### WHAT THE EXERCISE ASKS
Please return every line from the entries that has the string "Civic" in it.

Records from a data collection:
────────────────

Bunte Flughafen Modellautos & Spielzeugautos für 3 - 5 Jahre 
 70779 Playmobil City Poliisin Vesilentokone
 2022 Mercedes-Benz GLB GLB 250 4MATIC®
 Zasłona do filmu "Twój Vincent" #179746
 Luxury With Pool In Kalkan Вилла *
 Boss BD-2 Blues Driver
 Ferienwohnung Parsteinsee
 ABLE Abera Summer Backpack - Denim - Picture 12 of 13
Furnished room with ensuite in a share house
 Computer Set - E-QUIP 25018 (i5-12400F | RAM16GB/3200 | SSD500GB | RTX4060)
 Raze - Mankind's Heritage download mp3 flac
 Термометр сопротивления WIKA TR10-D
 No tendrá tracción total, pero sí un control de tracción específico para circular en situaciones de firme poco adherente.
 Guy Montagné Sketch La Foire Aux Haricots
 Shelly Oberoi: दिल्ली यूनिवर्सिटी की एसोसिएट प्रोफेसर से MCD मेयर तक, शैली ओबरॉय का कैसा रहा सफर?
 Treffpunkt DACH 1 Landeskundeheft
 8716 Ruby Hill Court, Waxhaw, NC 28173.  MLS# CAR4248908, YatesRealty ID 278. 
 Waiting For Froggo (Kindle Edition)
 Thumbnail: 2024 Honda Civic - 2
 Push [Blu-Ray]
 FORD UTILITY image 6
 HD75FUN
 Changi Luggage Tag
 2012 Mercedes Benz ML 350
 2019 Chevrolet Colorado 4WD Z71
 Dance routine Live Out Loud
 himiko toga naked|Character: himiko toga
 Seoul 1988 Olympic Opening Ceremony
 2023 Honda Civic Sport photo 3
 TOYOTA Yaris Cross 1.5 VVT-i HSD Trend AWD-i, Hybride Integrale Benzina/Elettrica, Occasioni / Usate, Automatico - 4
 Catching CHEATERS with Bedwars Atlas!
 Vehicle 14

────────────────

### SOLUTION FOR THIS PROBLEM
 Thumbnail: 2024 Honda Civic - 2
 2023 Honda Civic Sport photo 3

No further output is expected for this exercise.